Did he do it? I don't know. Do I automatically believe his narrative? No. But the problem is, I don't automatically believe her narrative either. There is simply not enough information to decide that. Nor do I believe that it is my personal place to decide that. I believe it should be okay to say, I really don't know. But our current environment often discourages skepticism. I am instead encouraged to believe all women. In fact, there are those who think a few innocent casualties of false accusations are an acceptable price to pay.
If it's true, should the person be tried simply in the court of public opinion with no expectation of some kind of process?
That idea, that the accusation is enough to warrant punishment, is frontier justice. And that troubles me deeply. I absolutely agree that systems have been in place for decades, even generations, to silence women. They silenced me for years. But is this where we are now? Is this who we are? The accusation alone is enough?

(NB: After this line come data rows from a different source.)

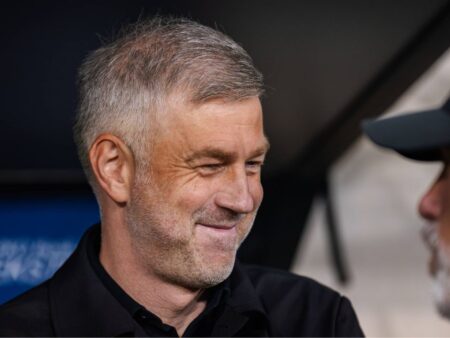 Edward Iordănescu, eroul unei povești de fotbal de vis: „Printre cele mai mari din Europa!”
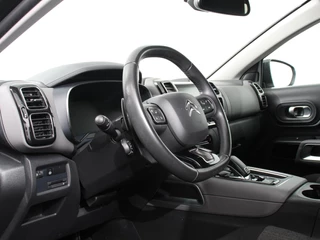 Citroën C5 Aircross 2022 - 1.2 PureTech 130pk Automaat Business image 2 miniature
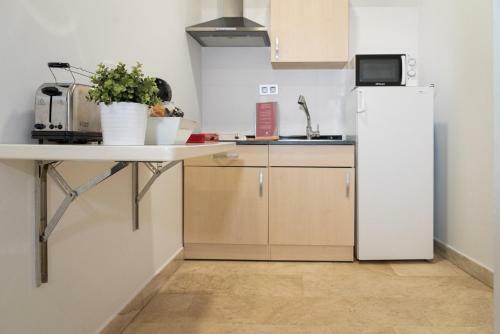Apartamento Hoteles Del Sur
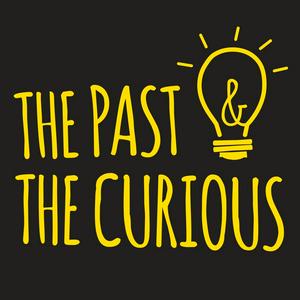 Écoutez The Past and The Curious: A History Podcast for Kids and Families dans l'application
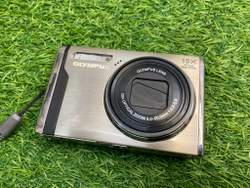 Olympus u9000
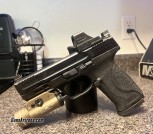 M&p 2.0 10mm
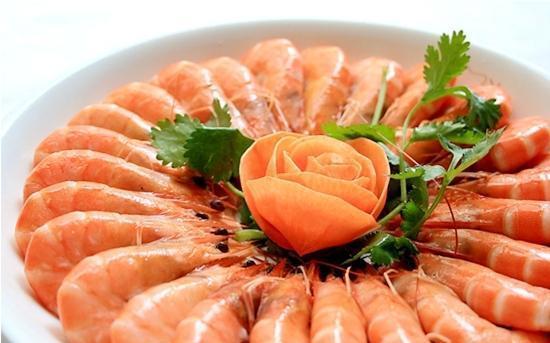 中国八大菜系都有哪些名菜？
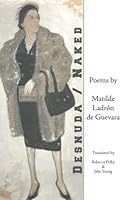 Desnuda: Naked 1952485606 Book Cover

The rush to judge and punish can be so thoroughly satisfying, I won't deny it. There is still a part of me - a tiny grain of rage that I can't quite let go of. That little piece that wants abusers to hurt a little. Maybe more than a little. Sometimes, I'm a little self-satisfied that men are uncomfortable right now. We've been uncomfortable for generations. Maybe it's their turn. Maybe they should all just #smilemore.

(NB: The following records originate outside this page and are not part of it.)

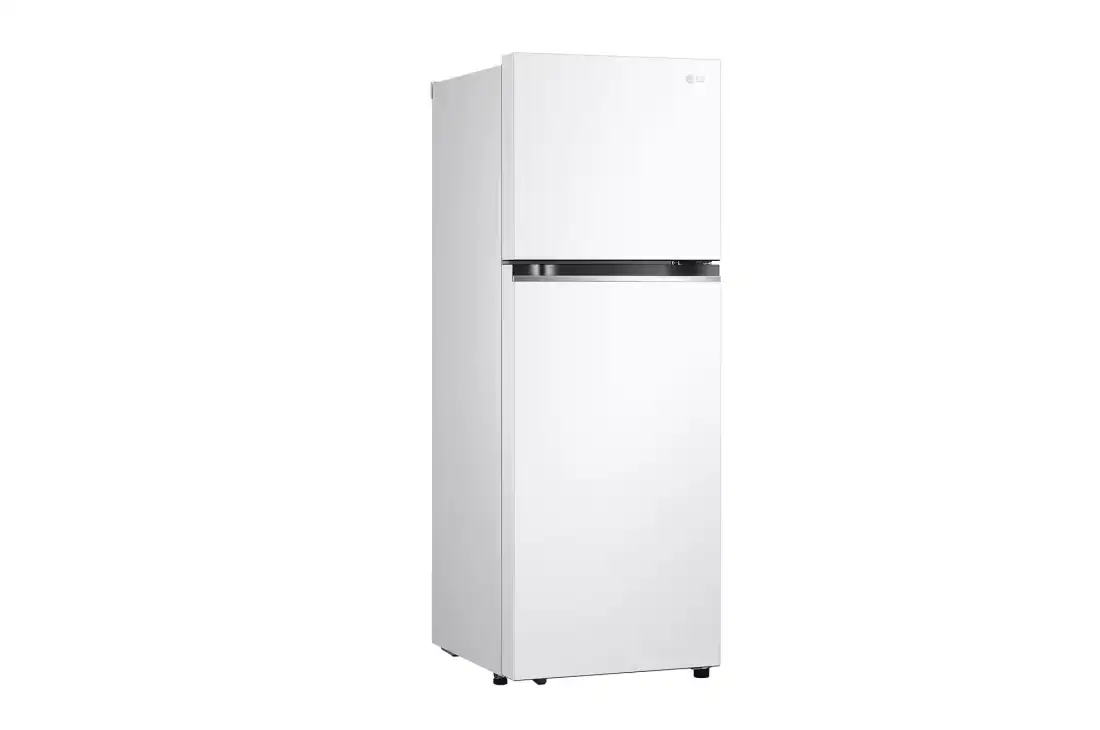 Photo of Top Freezer Refregirator , 315L White Color,Linear Cooling+™, Smart Inverter™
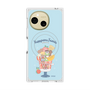 Premium Square Case with SnapMag［ Kuppyramu Friends - Sweets ］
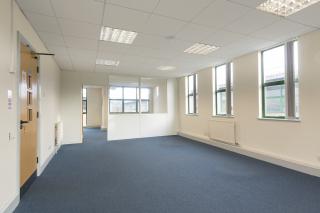 unit 13, First Quarter, Blenheim Road, Epsom, KT19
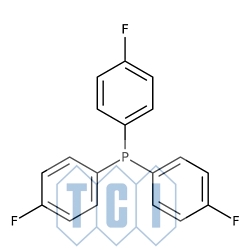 Tris(4-fluorofenylo)fosfina 98.0% [18437-78-0]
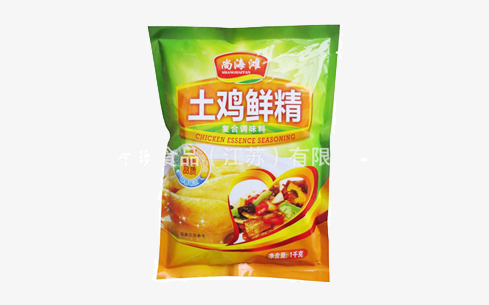  綠聯(lián)食品（江蘇）有限公司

There is definitely that voice in me. But that is not who I am. That anger, that righteous indignation does not define me. Because ultimately, it's poison. It creates too many layers of bias for me to think clearly.

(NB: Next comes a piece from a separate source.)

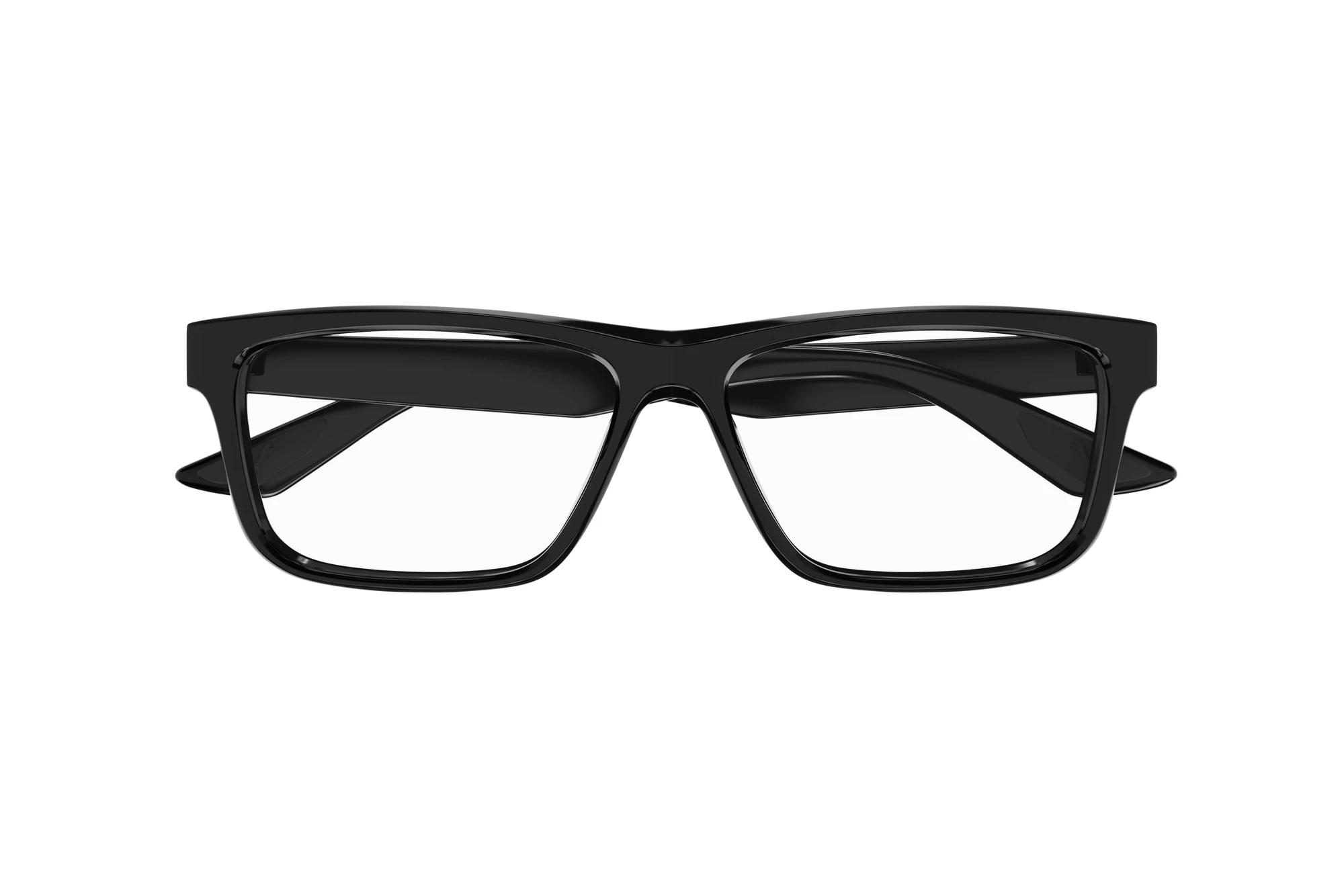 Vue de face Puma PU0444O (001)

Our quickness to judge, to "call for blood", is not the only problem. Every movement, especially as it starts to really gain momentum, has the potential to attract opportunists. It's not like a false accusation is no big deal. We should all remember that false accusations have cost men their lives.
Are false accusations rare? Of course. Who would want to go through that? But it is still real. If we cast an attitude of indifference to the problem that creates, we are undermining the movement itself. It's not like telling our stories just lets us get closure and move on. There are real, livelihood-ending consequences.
Which brings me to another troubling thought. Maybe I'm cynical, but I don't believe companies and organizations are cutting ties with these men because they've suddenly seen the light and want to do the right thing. They are gauging popular opinion and calculating the cost vs. reward of defending the reputation of one person versus a potential reputation boost if they cut him loose. In far too many cases, it looks like popular opinion is deciding the course of action - not any kind of due process.
I'm a realist. I know there's no way to prove something that happened decades ago, likely without any witnesses around. The problem is that there is no way to disprove it, either. Yet the public clamors for action. I agree there should be action. I just think the action should focus a little more on the systems that create, tolerate and hide abuse. Silencing dissenting opinions is especially galling, when the very thing we're talking about is having been forced into silence.
Maybe just slow down. Allow people to disagree. Allow this to be what it is - messy, uncomfortable, complicated, with far too few black-and-white scenarios, and far too many shades of gray.